Смех и горе
1871
Глава пятьдесят седьмая
— Я был очень рад, — начал становой, — что родился римским католиком; в такой стране, как Россия, которую принято называть самою веротерпимою, и по неотразимым побуждениям искать соединения с независимейшею церковью, я уже был и лютеранином, и реформатом, и вообще три раза перешел из одного христианского исповедания в другое, и все благополучно; но два года тому назад я принял православие, и вот в этом собственно моя история. Мне оно очень нравилось, но особенно в этом случае на меня имели очень большое влияние неодобренные сочинения Иннокентия и запрещенные богословские сочинения Хомякова, написанные, впрочем, в строго православном духе. Это могущественная пропаганда в пользу православия. Я убедился из второго тома этих сочинений в чистоте и многих превосходствах восточного православия, а особенно в его прекрасном устранении государства в деле веры. Пленясь этим, я с свободнейшею совестью перешел в православие: но… оказывается, что этой веры я уже переменить не могу.
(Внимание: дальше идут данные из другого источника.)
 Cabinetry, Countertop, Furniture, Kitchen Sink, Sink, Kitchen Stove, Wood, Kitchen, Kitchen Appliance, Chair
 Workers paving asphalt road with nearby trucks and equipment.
— Конечно, — говорю, — не можете. А вы этого не знали?
— Представьте, этого-то я и не знал; а то, разумеется, я подождал бы.
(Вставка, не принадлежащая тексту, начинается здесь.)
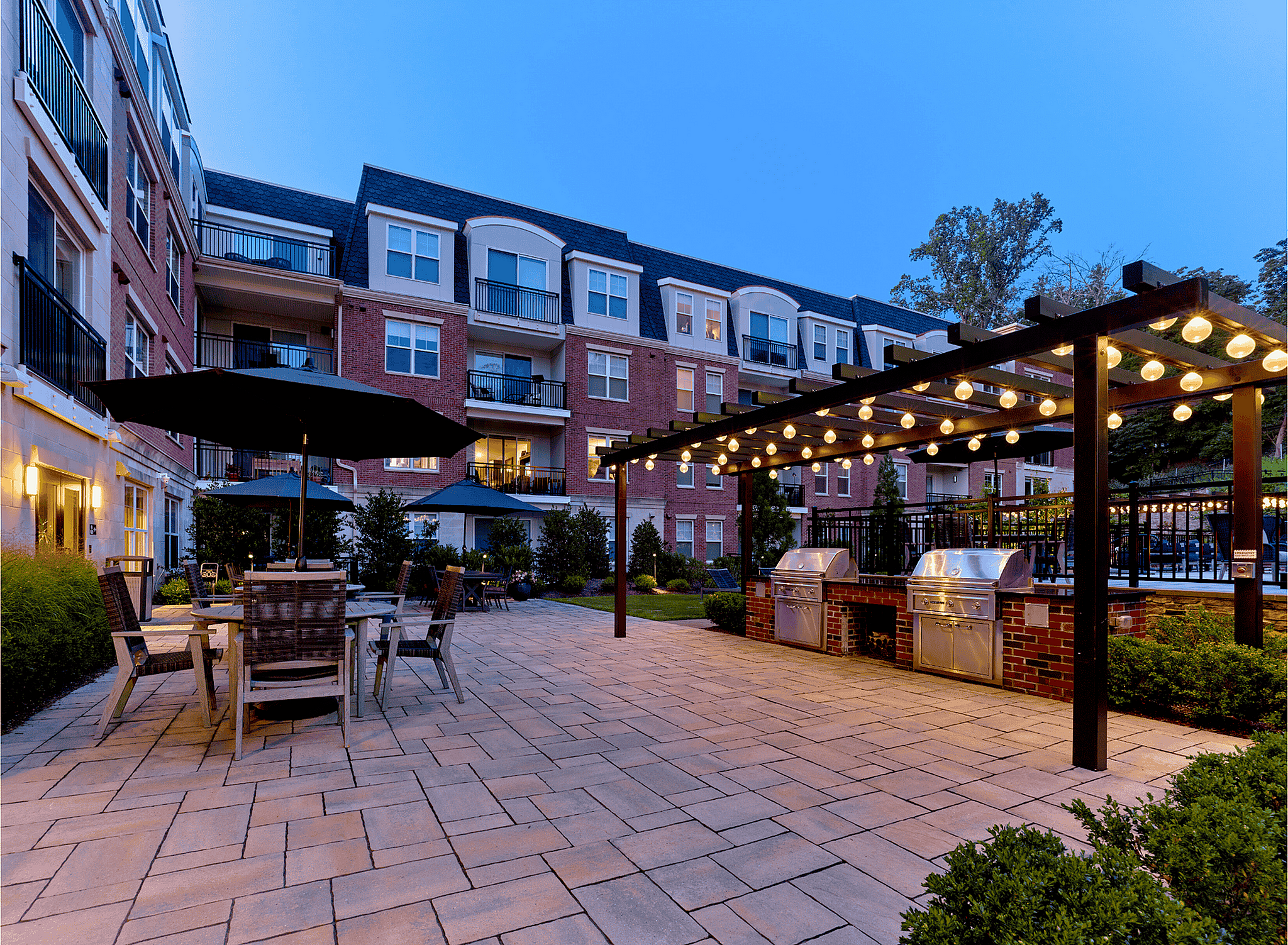 Charming outdoor communal space with cozy seating, elegant lighting, and modern grills, set against a stylish apartment building backdrop.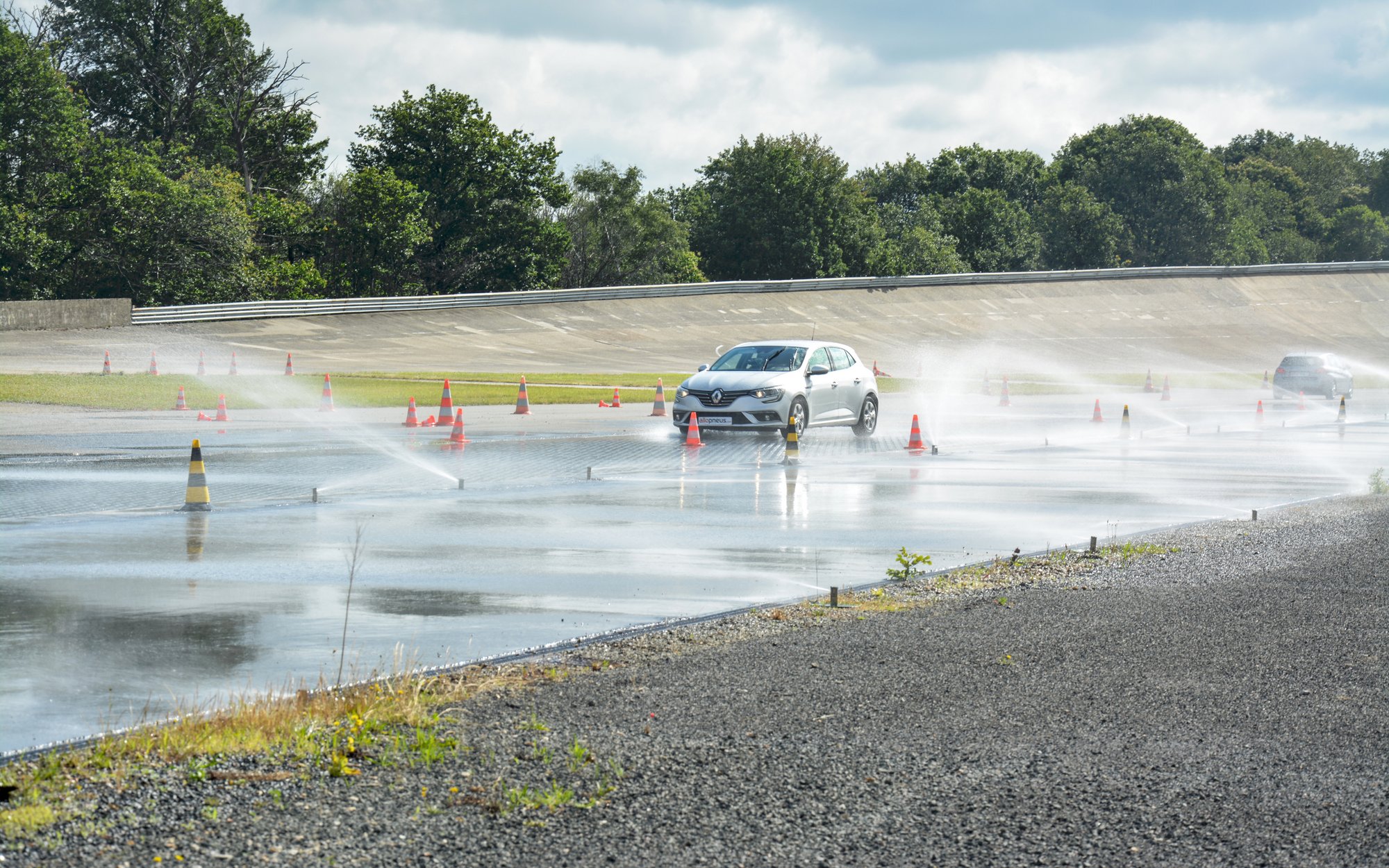 A white car drives on a wet test track marked by cones, with water splashing from its tires.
— То есть, чего же вы подождали бы?
— Испытал бы прежде еще некоторые другие вероисповедания, которые можно переменить, а православие оставил бы на самый послед.
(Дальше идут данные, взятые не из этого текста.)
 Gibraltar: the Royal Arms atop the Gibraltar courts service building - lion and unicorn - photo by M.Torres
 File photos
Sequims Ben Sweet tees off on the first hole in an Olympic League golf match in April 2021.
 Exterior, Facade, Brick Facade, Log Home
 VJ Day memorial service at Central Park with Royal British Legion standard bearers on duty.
— Да зачем же, — спрашиваю, — это вам нужно менять его? Разве вы разочаровались и в убедительности слов Иннокентия и Хомякова, и в чистоте самого православия?
— Нет, не разочаровался нисколько ни в чем, но меня смутило, что православия нельзя переменить. Сознание этой несвободности меня лишает спокойствия совести. Самостоятельность моя этим подавлена и возмущается. Я подал просьбу, чтоб мне позволили выйти, а если не позволят, то думаю уйти в Турцию, где христианские исповедания не имеют протекции и оттого в известном отношении свободнее и ближе к духу Христова учения. Жду с нетерпением ответа, а теперь прощайте и извините меня, что я отнял у вас много времени.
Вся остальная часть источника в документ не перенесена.